As the United States launches into the 2016 election season, over 20 Republican and Democratic candidates have begun to polish their campaigns for the voting public. Among them is prominent Andover alumnus and former Florida Governor Jeb Bush ’71.
At Andover, Bush captained the Varsity Tennis team and earned a spot on the honor roll. As part of Andover’s student exchange summer program, he taught English as a second language the summer before his Senior year in León, Mexico. It was there that he met his wife, Columba Garnica Gallo Bush, who would later give him a unique perspective on one of the most controversial topics of the 2016 election: immigration.

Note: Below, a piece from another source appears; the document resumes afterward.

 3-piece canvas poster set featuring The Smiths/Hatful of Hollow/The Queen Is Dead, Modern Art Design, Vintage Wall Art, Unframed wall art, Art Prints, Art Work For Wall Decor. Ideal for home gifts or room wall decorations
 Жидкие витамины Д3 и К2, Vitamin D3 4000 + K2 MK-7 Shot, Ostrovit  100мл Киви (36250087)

Bush has said that he supports a path to legal status – but not citizenship – for undocumented immigrants. He has also advocated the use of a wall or fence to increase border security. In opposition to most Democratic candidates, Bush also wishes to identify and deport people who violate the terms of their stay and defund sanctuary cities that house undocumented immigrants against federal law.

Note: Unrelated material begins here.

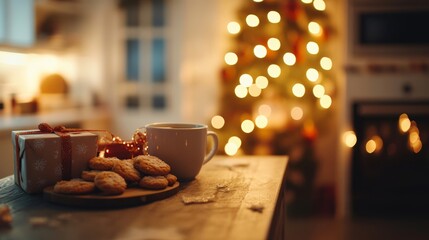 Fototapeta premium Warm Christmas Treats: Cookies and a Cozy Cup by the Tree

Shelby Butt ’16, Co-President of the PA Republicans Society and a student representative for the Jeb Bush campaign, said, “I do agree with most Republicans in that we should secure the border before we start to look for a path to citizenship or legal status… I think that [Bush] will differ in the fact that he’s had personal experience with immigration via his wife and his wife’s family. That will give him a unique ability to reach out to immigrants and think about immigrants in a very personal, humanistic way.”
“I support his path to legal status, not necessarily citizenship, but just the path to being able to legally live in the United States, whether that would be with Green Cards or anything else,” she continued.
Caroline Mesinger ’16, Vice-President of the PA Democrats Society, said, “[Bush] has great ideas for legalizing ‘illegal immigrants,’ but he doesn’t want them to become citizens… he wants everyone that comes to America to assimilate into some kind of, presumably, white culture, which I don’t agree with, which is what puts a sour note into my mouth for any kind of immigration policy because our country is founded on multiculturalism.”
Gun control has been another big issue for Bush. As the governor of Florida, he implemented the 10-20-Life Law in 2005, a mandatory minimum sentencing act regarding the use of a firearm during the commission of a forcible felony.
“I agree with Jeb Bush’s push for instant background checks when a gun is purchased, and I think his 10-20 law is a good start, but I honestly don’t think he’s doing enough. Florida, the state in which he was governor, is a very pro-gun state that’s [heavy] on allowing concealed carry, and personally, concealed carry makes me a little uncomfortable,” wrote Butt in an email to The Phillipian.
Jerry Yang ’17, a member of the Andover club for the Jeb Bush campaign, in an email to The Phillipian, added, “I don’t necessarily agree with all [of Bush’s] stances. I think the 10-20-Life Law as Florida governor was going in the right direction. I do support stricter background checks, but it’s also important to reduce the gun violence culture in America. I think the law… helps emphasize the consequence of gun violence, but [we need] stricter background checks.”
Bush is currently fourth in the Republican primary. He is polling at 7.1 percent according to HuffPost Pollster. In order to appeal to more voters and increase his poll numbers, Bush needs to display a higher level of energy, members of the PA Republicans’ Society said.
“[Bush is] a little bit more reserved as a person… He’s trying to be more energetic, and as a candidate, he does a lot of things that are important for a president to do, but charisma, in that aspect, he could improve… Just for the campaign,” said Yang.
Butt hopes that members of a predominantly liberal student body will look past Bush’s family name to his policies before making a decision on which candidate or party to support.
“It’s unfortunate that he’s an alum and he’s maybe not valued as much as maybe he should be. I think if people will be open-minded to the fact that he’s not a hardcore, far-to-the-right conservative… and they actually take the chance… to look at his actual policies, I think more and more liberals would see that he’s not so different from another middle-of-the-road liberal candidate,” she said.
The Phillipian was unable to reach the Jeb Bush campaign for a statement.